» **What needs to be done**
Beginning at the line containing "Couple walking at alley in night lights", give again every line through the end of the data, unchanged and with both ends included. Drop any pictures.

» **Data provided**
== Segment start ==

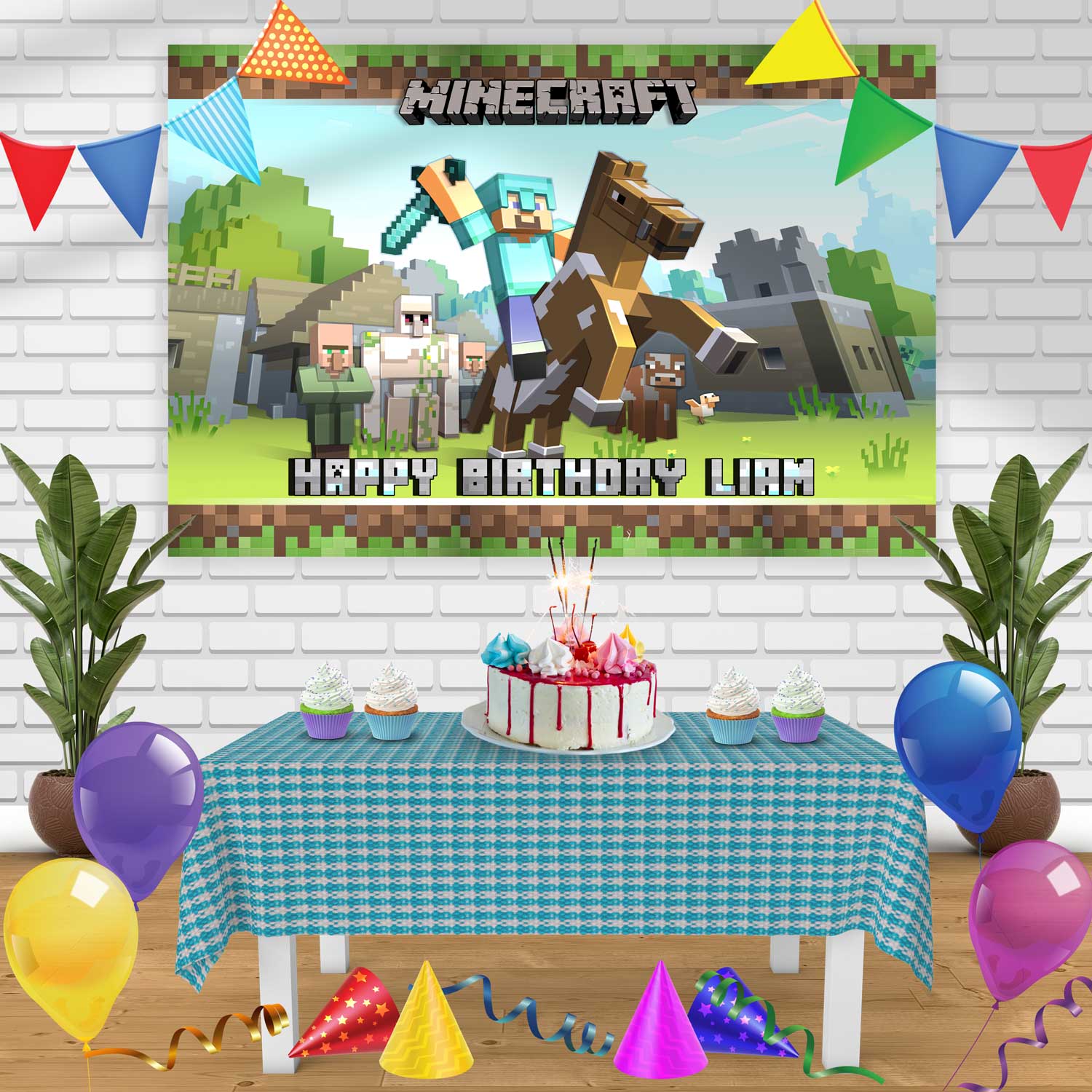 Minecraft 3 Birthday Banner Personalized Party Backdrop Decoration ...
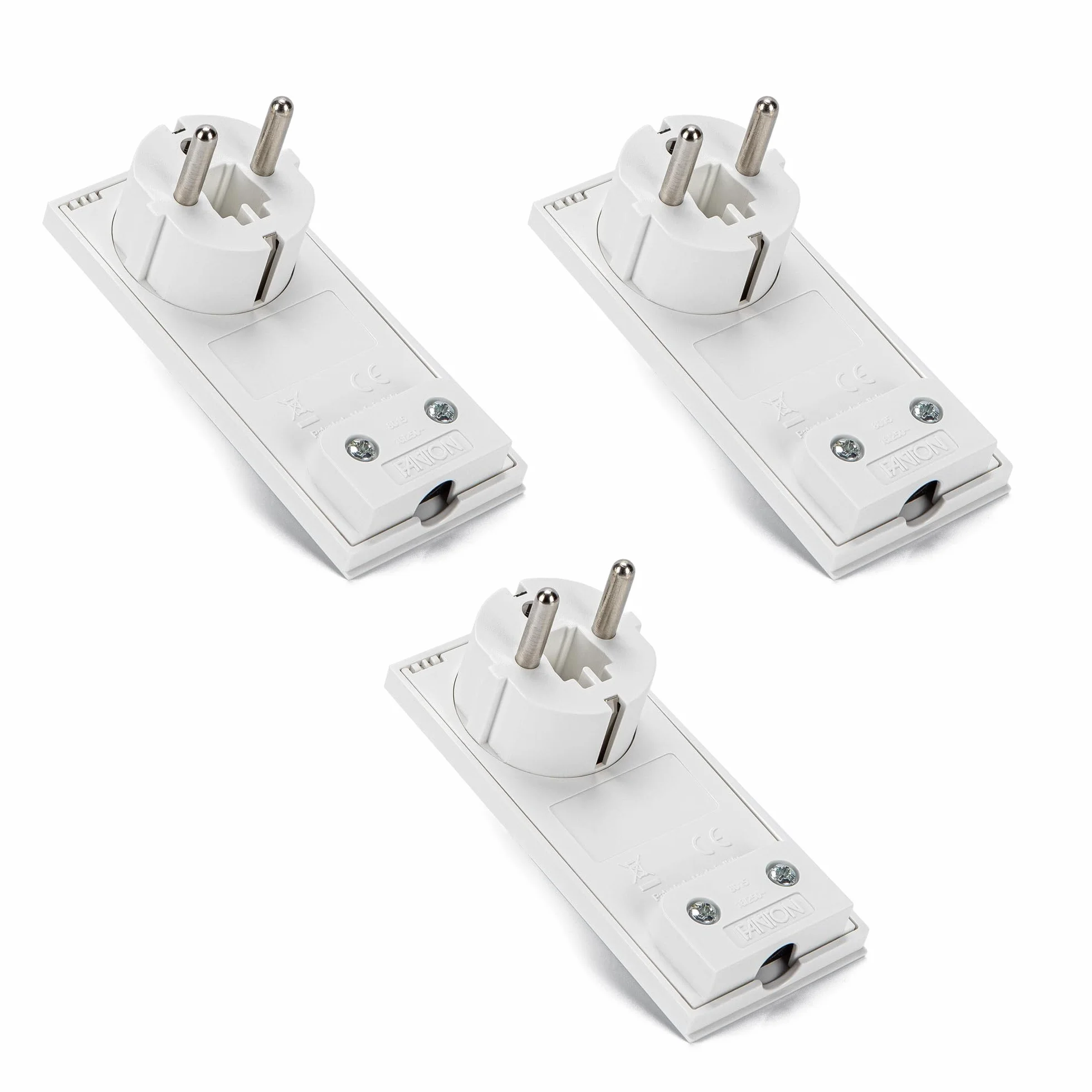 FANTON 80065-B3 3 sztuk Obrotowy ultra płaski schuko 2P+T 16A mod. CLOCK biały kolor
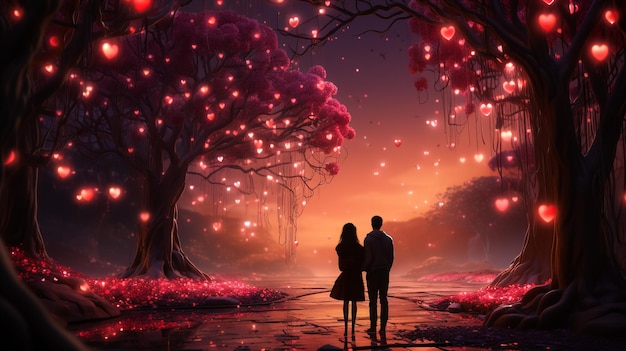 Couple walking at alley in night lights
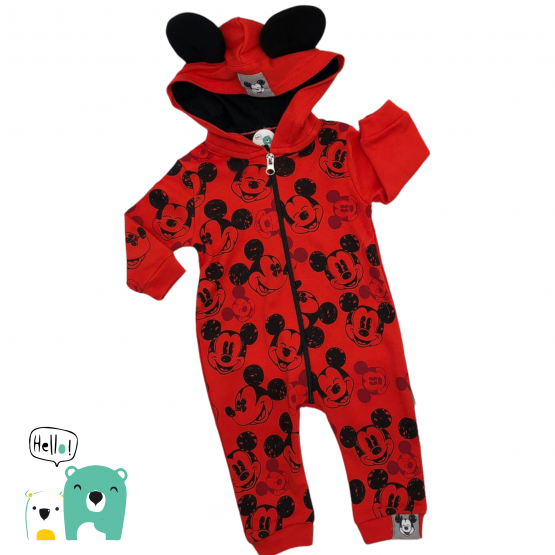 Grenouillère Mickey avec capuche RED style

== Segment end ==

» **Answer box**
 Couple walking at alley in night lights
 Grenouillère Mickey avec capuche RED style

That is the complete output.